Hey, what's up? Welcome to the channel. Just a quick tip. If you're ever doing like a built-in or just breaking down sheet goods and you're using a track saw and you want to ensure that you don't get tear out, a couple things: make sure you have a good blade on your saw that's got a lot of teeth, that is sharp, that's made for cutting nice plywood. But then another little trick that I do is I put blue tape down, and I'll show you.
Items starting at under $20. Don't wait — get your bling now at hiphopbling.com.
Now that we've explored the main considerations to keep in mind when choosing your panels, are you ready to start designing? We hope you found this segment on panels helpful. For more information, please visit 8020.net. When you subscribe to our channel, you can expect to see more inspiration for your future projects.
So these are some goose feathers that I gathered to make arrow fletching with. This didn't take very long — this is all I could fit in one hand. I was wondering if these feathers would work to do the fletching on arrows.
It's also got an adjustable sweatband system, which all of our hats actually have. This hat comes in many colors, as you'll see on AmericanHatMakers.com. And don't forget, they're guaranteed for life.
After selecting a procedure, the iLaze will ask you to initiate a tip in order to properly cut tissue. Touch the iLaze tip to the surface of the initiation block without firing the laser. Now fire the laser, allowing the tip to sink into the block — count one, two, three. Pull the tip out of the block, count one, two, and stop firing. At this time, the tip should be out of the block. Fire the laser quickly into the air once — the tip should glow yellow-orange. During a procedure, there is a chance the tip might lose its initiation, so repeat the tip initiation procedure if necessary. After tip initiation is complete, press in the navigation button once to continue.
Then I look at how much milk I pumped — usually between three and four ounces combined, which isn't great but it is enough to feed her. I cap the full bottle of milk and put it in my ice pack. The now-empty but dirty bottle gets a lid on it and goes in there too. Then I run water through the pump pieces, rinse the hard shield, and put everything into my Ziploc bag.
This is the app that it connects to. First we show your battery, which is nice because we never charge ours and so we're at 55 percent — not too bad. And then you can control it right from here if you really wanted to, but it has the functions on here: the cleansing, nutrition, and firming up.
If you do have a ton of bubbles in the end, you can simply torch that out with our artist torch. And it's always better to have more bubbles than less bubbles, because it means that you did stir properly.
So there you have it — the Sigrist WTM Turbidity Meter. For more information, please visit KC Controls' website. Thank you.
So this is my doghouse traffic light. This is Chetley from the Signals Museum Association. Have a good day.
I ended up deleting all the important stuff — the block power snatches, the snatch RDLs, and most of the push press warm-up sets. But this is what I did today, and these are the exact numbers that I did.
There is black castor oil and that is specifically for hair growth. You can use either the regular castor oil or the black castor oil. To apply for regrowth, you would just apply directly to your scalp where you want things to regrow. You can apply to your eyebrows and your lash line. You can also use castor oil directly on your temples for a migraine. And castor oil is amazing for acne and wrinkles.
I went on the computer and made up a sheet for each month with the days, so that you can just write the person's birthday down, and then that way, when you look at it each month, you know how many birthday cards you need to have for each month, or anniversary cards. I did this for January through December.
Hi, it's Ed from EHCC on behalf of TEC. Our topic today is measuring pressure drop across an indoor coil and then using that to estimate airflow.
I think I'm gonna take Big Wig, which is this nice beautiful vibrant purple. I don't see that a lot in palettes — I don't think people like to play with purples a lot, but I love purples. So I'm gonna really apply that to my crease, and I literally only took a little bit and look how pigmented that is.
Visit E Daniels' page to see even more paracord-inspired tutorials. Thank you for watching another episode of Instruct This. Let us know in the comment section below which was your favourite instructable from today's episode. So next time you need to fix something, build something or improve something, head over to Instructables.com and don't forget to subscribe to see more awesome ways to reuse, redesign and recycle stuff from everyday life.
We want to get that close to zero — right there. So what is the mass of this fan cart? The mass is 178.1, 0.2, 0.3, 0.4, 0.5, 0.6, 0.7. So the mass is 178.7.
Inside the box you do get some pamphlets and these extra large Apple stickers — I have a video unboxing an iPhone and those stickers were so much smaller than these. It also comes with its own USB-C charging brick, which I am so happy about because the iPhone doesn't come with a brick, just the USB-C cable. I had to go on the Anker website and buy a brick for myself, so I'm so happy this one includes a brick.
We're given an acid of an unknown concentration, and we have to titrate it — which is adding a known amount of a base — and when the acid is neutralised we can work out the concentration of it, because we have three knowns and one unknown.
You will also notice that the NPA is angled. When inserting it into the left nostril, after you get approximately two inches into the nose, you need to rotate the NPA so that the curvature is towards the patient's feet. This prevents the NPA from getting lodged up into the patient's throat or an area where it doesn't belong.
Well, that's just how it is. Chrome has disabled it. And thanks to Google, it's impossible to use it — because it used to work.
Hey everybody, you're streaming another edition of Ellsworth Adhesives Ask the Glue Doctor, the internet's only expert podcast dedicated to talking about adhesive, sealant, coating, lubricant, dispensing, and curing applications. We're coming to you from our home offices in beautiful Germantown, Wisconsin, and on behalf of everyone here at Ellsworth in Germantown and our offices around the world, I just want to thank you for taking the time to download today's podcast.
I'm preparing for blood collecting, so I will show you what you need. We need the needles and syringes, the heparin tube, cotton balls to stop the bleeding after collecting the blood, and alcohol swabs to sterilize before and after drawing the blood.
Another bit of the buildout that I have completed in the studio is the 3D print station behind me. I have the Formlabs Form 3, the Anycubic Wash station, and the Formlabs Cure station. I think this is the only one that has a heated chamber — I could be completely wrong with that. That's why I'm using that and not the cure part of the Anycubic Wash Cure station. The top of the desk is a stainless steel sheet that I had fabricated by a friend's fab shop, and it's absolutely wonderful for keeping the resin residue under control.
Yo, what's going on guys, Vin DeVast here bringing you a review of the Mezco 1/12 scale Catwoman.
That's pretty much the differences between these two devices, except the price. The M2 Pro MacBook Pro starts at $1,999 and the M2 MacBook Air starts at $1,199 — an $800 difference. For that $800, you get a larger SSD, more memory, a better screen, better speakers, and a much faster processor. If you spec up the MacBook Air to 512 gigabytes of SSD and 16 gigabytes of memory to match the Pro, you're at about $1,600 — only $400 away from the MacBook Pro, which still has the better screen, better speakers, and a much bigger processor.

■ EXERCISE GOAL: Write out the whole listing exactly as it stands.

■ EXERCISE RESULT:
Hey, what's up? Welcome to the channel. Just a quick tip. If you're ever doing like a built-in or just breaking down sheet goods and you're using a track saw and you want to ensure that you don't get tear out, a couple things: make sure you have a good blade on your saw that's got a lot of teeth, that is sharp, that's made for cutting nice plywood. But then another little trick that I do is I put blue tape down, and I'll show you.
Items starting at under $20. Don't wait — get your bling now at hiphopbling.com.
Now that we've explored the main considerations to keep in mind when choosing your panels, are you ready to start designing? We hope you found this segment on panels helpful. For more information, please visit 8020.net. When you subscribe to our channel, you can expect to see more inspiration for your future projects.
So these are some goose feathers that I gathered to make arrow fletching with. This didn't take very long — this is all I could fit in one hand. I was wondering if these feathers would work to do the fletching on arrows.
It's also got an adjustable sweatband system, which all of our hats actually have. This hat comes in many colors, as you'll see on AmericanHatMakers.com. And don't forget, they're guaranteed for life.
After selecting a procedure, the iLaze will ask you to initiate a tip in order to properly cut tissue. Touch the iLaze tip to the surface of the initiation block without firing the laser. Now fire the laser, allowing the tip to sink into the block — count one, two, three. Pull the tip out of the block, count one, two, and stop firing. At this time, the tip should be out of the block. Fire the laser quickly into the air once — the tip should glow yellow-orange. During a procedure, there is a chance the tip might lose its initiation, so repeat the tip initiation procedure if necessary. After tip initiation is complete, press in the navigation button once to continue.
Then I look at how much milk I pumped — usually between three and four ounces combined, which isn't great but it is enough to feed her. I cap the full bottle of milk and put it in my ice pack. The now-empty but dirty bottle gets a lid on it and goes in there too. Then I run water through the pump pieces, rinse the hard shield, and put everything into my Ziploc bag.
This is the app that it connects to. First we show your battery, which is nice because we never charge ours and so we're at 55 percent — not too bad. And then you can control it right from here if you really wanted to, but it has the functions on here: the cleansing, nutrition, and firming up.
If you do have a ton of bubbles in the end, you can simply torch that out with our artist torch. And it's always better to have more bubbles than less bubbles, because it means that you did stir properly.
So there you have it — the Sigrist WTM Turbidity Meter. For more information, please visit KC Controls' website. Thank you.
So this is my doghouse traffic light. This is Chetley from the Signals Museum Association. Have a good day.
I ended up deleting all the important stuff — the block power snatches, the snatch RDLs, and most of the push press warm-up sets. But this is what I did today, and these are the exact numbers that I did.
There is black castor oil and that is specifically for hair growth. You can use either the regular castor oil or the black castor oil. To apply for regrowth, you would just apply directly to your scalp where you want things to regrow. You can apply to your eyebrows and your lash line. You can also use castor oil directly on your temples for a migraine. And castor oil is amazing for acne and wrinkles.
I went on the computer and made up a sheet for each month with the days, so that you can just write the person's birthday down, and then that way, when you look at it each month, you know how many birthday cards you need to have for each month, or anniversary cards. I did this for January through December.
Hi, it's Ed from EHCC on behalf of TEC. Our topic today is measuring pressure drop across an indoor coil and then using that to estimate airflow.
I think I'm gonna take Big Wig, which is this nice beautiful vibrant purple. I don't see that a lot in palettes — I don't think people like to play with purples a lot, but I love purples. So I'm gonna really apply that to my crease, and I literally only took a little bit and look how pigmented that is.
Visit E Daniels' page to see even more paracord-inspired tutorials. Thank you for watching another episode of Instruct This. Let us know in the comment section below which was your favourite instructable from today's episode. So next time you need to fix something, build something or improve something, head over to Instructables.com and don't forget to subscribe to see more awesome ways to reuse, redesign and recycle stuff from everyday life.
We want to get that close to zero — right there. So what is the mass of this fan cart? The mass is 178.1, 0.2, 0.3, 0.4, 0.5, 0.6, 0.7. So the mass is 178.7.
Inside the box you do get some pamphlets and these extra large Apple stickers — I have a video unboxing an iPhone and those stickers were so much smaller than these. It also comes with its own USB-C charging brick, which I am so happy about because the iPhone doesn't come with a brick, just the USB-C cable. I had to go on the Anker website and buy a brick for myself, so I'm so happy this one includes a brick.
We're given an acid of an unknown concentration, and we have to titrate it — which is adding a known amount of a base — and when the acid is neutralised we can work out the concentration of it, because we have three knowns and one unknown.
You will also notice that the NPA is angled. When inserting it into the left nostril, after you get approximately two inches into the nose, you need to rotate the NPA so that the curvature is towards the patient's feet. This prevents the NPA from getting lodged up into the patient's throat or an area where it doesn't belong.
Well, that's just how it is. Chrome has disabled it. And thanks to Google, it's impossible to use it — because it used to work.
Hey everybody, you're streaming another edition of Ellsworth Adhesives Ask the Glue Doctor, the internet's only expert podcast dedicated to talking about adhesive, sealant, coating, lubricant, dispensing, and curing applications. We're coming to you from our home offices in beautiful Germantown, Wisconsin, and on behalf of everyone here at Ellsworth in Germantown and our offices around the world, I just want to thank you for taking the time to download today's podcast.
I'm preparing for blood collecting, so I will show you what you need. We need the needles and syringes, the heparin tube, cotton balls to stop the bleeding after collecting the blood, and alcohol swabs to sterilize before and after drawing the blood.
Another bit of the buildout that I have completed in the studio is the 3D print station behind me. I have the Formlabs Form 3, the Anycubic Wash station, and the Formlabs Cure station. I think this is the only one that has a heated chamber — I could be completely wrong with that. That's why I'm using that and not the cure part of the Anycubic Wash Cure station. The top of the desk is a stainless steel sheet that I had fabricated by a friend's fab shop, and it's absolutely wonderful for keeping the resin residue under control.
Yo, what's going on guys, Vin DeVast here bringing you a review of the Mezco 1/12 scale Catwoman.
That's pretty much the differences between these two devices, except the price. The M2 Pro MacBook Pro starts at $1,999 and the M2 MacBook Air starts at $1,199 — an $800 difference. For that $800, you get a larger SSD, more memory, a better screen, better speakers, and a much faster processor. If you spec up the MacBook Air to 512 gigabytes of SSD and 16 gigabytes of memory to match the Pro, you're at about $1,600 — only $400 away from the MacBook Pro, which still has the better screen, better speakers, and a much bigger processor.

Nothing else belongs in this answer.